SMP may be part of the problem here, but I think I have a work around
for the underlying problem. The issue is I think that xfs log writes are
somewhere between 512 bytes and 32K in size, and they vary in 512 byte
multiples. This causes the log writes to trigger some code in raid5
which makes you wait for other I/O to complete.
If you choose another partition (non raid5) for the log and make an external
log instead of using an internal log then the issue should go away, we
are going to test this here.

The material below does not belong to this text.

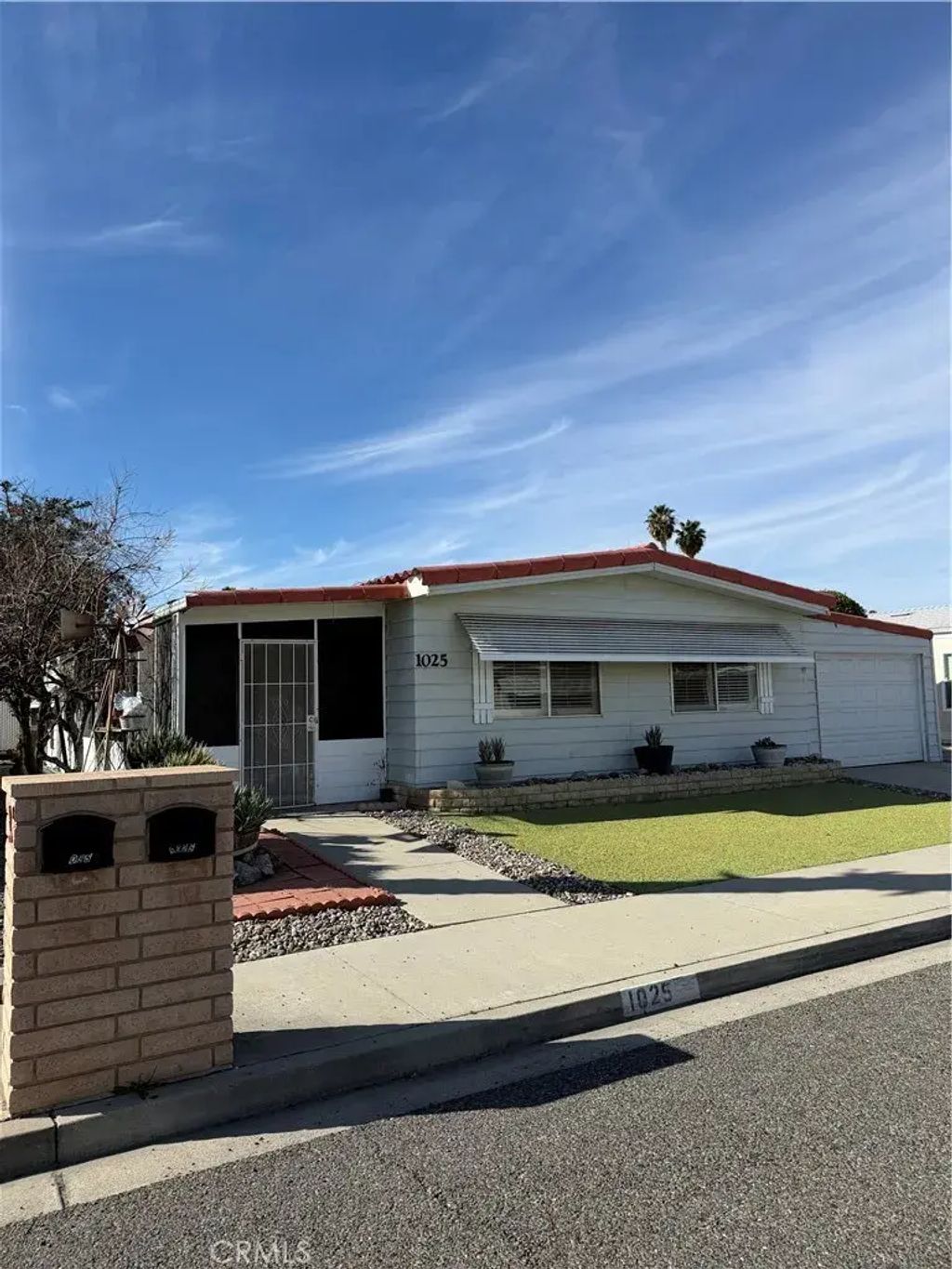 1025 S Lyon, Hemet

I suppose a mirrored log would be the best
solution here as you could still survive the loss of a drive with the
log on it.
In the meantime I am going to look at how we can stripe align the log writes
which would be a good thing anyway.
> It looks like a kernel SMP issue more than a 3ware driver
> - I have tried the following SMP kernels:
> 2.4.3-xfs-1.0.1 and 2.4.7pre8 cvs version which include
> the same 3ware 3w-xxxx driver. (I have not yet flash the firmware).
> - I can see it on a plain IDE raid5 partition.

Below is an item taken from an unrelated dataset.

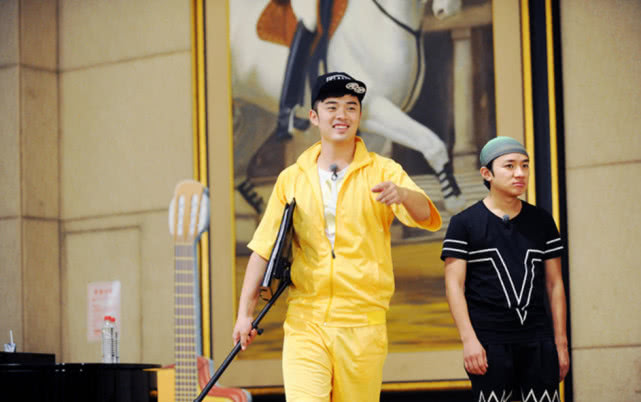 杨烁携家人出游夫妻同框似两辈人,杨烁陈赫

> I will now flash the 3ware card firmware. but I don't
> know what that can change...
> Next step is rebooting with noapic.
> /dev/md1 is now a raid5-xfs on the system HD
> # raid5 on hda
> raiddev /dev/md1
> raid-level 5
> nr-raid-disks 3
> persistent-superblock 1
> chunk-size 64
> parity-algorithm left-symmetric
> device /dev/hda6
> raid-disk 0
> device /dev/hda7
> raid-disk 1
> device /dev/hda8
> raid-disk 2
> I can still see the nfs freeze (server nfs.cluster not responding)
> on both raid5 devices under 2.4.3-xfs. on the client side
> syslog reports a "nfs_statfs: statfs error = 116 ".

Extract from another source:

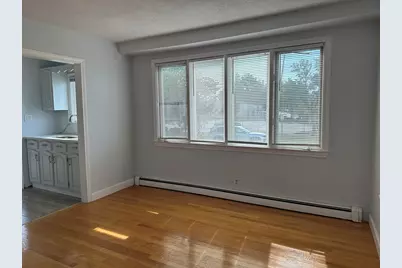 376 Riverside Avenue #1, Medford, MA 02155 - Photo 7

> I can still see it under 2.4.7pre8 on /dev/md0 or /dev/md1
> but only after a little longer time...
> Off topic: One strange thing is the checksumming function:
> kernel: raid5: measuring checksumming speed
> kernel: 8regs : 1169.200 MB/sec
> kernel: 32regs : 788.000 MB/sec
> kernel: pIII_sse : 1727.600 MB/sec
> kernel: pII_mmx : 1924.000 MB/sec
> kernel: p5_mmx : 2045.200 MB/sec
> kernel: raid5: using function: pIII_sse (1727.600 MB/sec)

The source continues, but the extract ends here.